Parceria com interrogações

Assis Moreira  de Paris
Valor Econômico 



Em novembro do ano passado, quando o então presidente Luiz Inácio Lula da Silva apresentou a presidente eleita Dilma Rousseff a Barack Obama, numa recepção de líderes do G-20 em Seul, o ocupante da Casa Branca comentou, bem-humorado: "Finalmente, alguém da delegação brasileira não tem barba".
Na mesma noite, em outro local da capital sul-coreana, o ambiente era de alta tensão num jantar de ministros de finanças. O secretário americano do Tesouro, Tim Geithner, ouvia de cara amarrada a avalanche de críticas do brasileiro Guido Mantega e de outros ministros contra a frouxa política monetária dos Estados Unidos, acusada de derrubar o valor do dólar e jogar o custo do ajuste da economia americana sobre os parceiros. "Não vamos nos esquecer dessas críticas", reagiu Geithner em tom imperial.

Desde que Dilma assumiu o poder, os EUA já enviaram Geithner a Brasília para discutir politica cambial, e agora vai o próprio Obama. Para influentes interlocutores dos EUA, a percepção americana é de que Dilma ainda não definiu o continuísmo ou uma nova linha na politica externa, e Washington quer aproveitar o momento em que "o pau ainda não está torto" para criar um novo clima de confiança na relação bilateral. No entender desses interlocutores, os EUA acham que o novo governo está mais disposto a buscar sintonia de posições na cena internacional. Se isso é verdade ou não, provavelmente nem o novo governo sabe ainda.

O primeiro teste pode ser justamente sobre o Irã, que causou o estremecimento diplomático no fim do governo Lula. Todos na comunidade internacional querem saber qual será o voto do Brasil sobre uma resolução apresentada pelos EUA no Conselho de Direitos Humanos, para criação de um relator especial para o Irã, instrumento forte de monitoramento do regime de Ahmadinejad.
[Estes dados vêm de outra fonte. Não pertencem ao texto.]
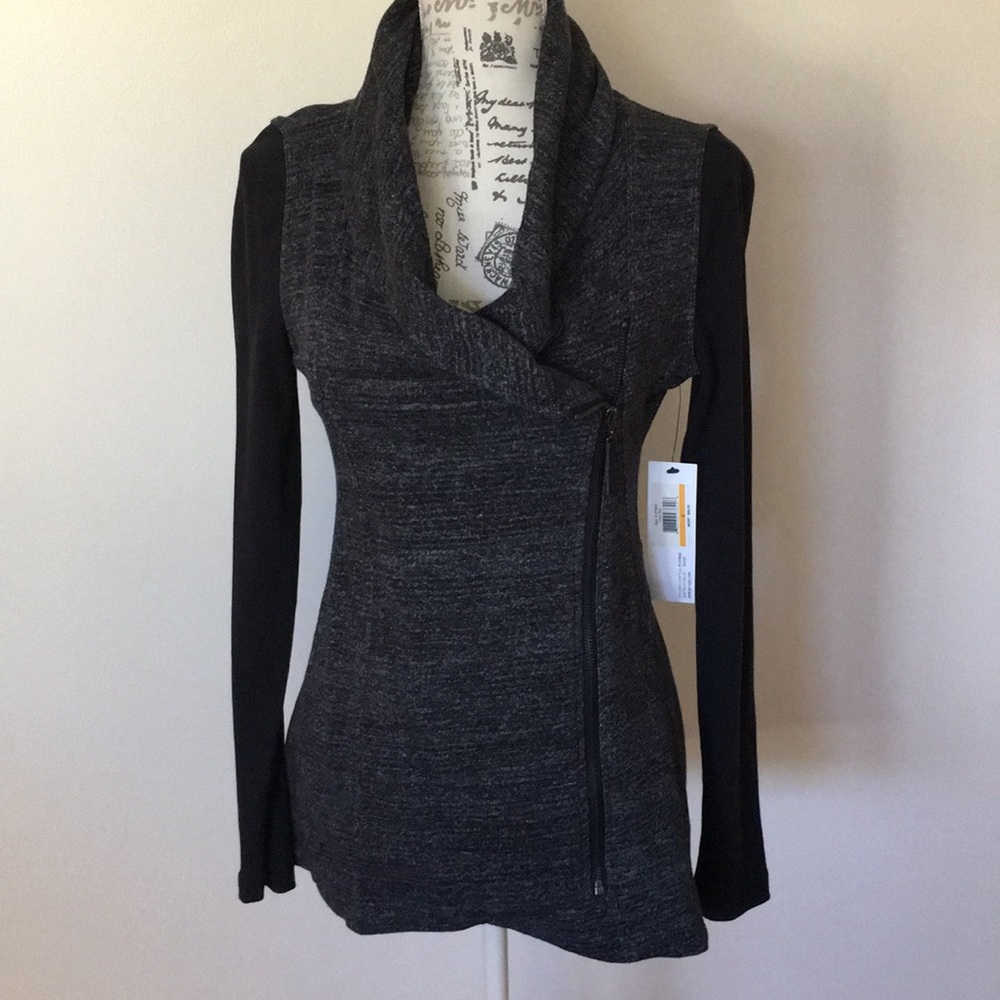 Kenzie jacket zip up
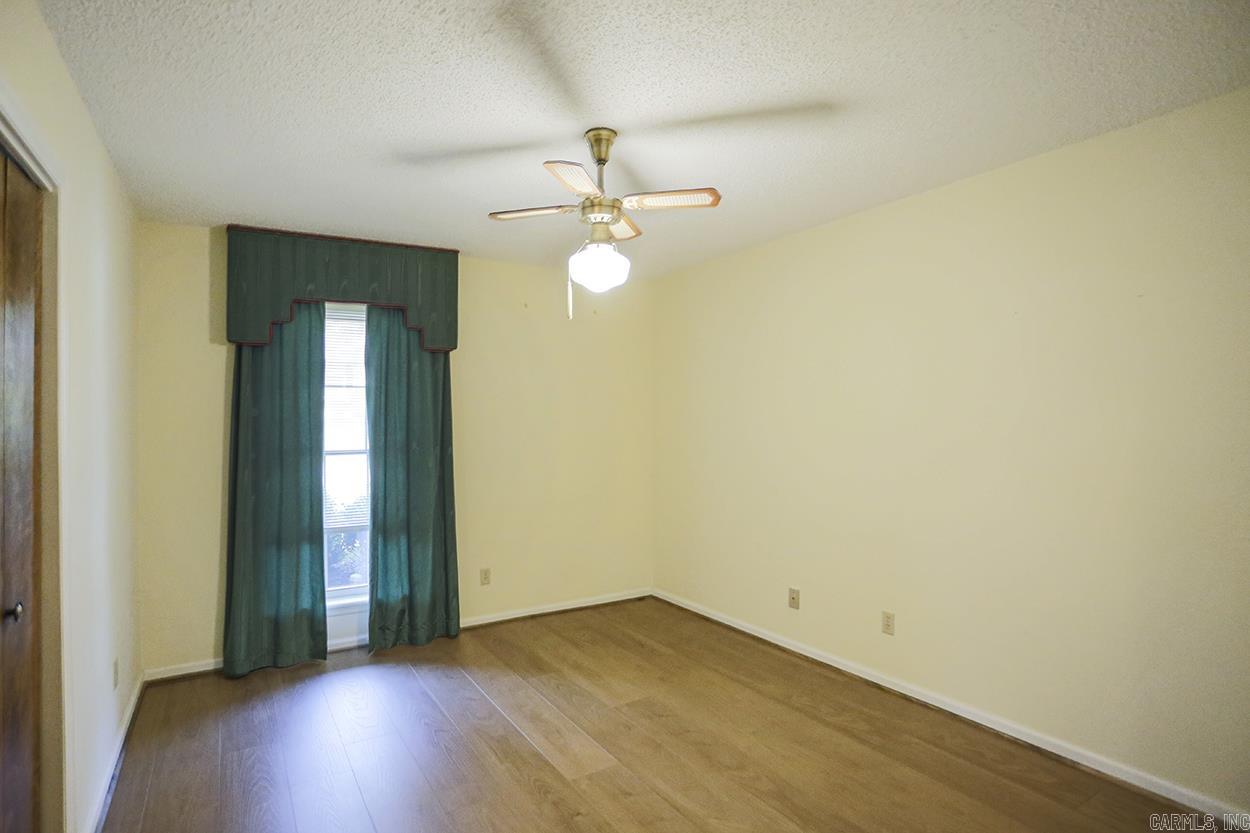 EAST MEADOW - Residential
Washington sabe que, para o Brasil votar a favor, tem que haver uma pré-negociação bilateral. E quem ouve representantes dos dois lados agora só escuta menções a "dinâmica positiva" e "vontade de dialogar", de forma que o Brasil estaria inclinado a votar favoravelmente pela proposta americana.

No G-20, que se torna o diretório econômico do planeta, o Brasil tinha sido visto em Seul por parceiros como muito condescente com os chineses e mais incisivo em relação aos americanos. Mas agora certas nuances começam a aparecer.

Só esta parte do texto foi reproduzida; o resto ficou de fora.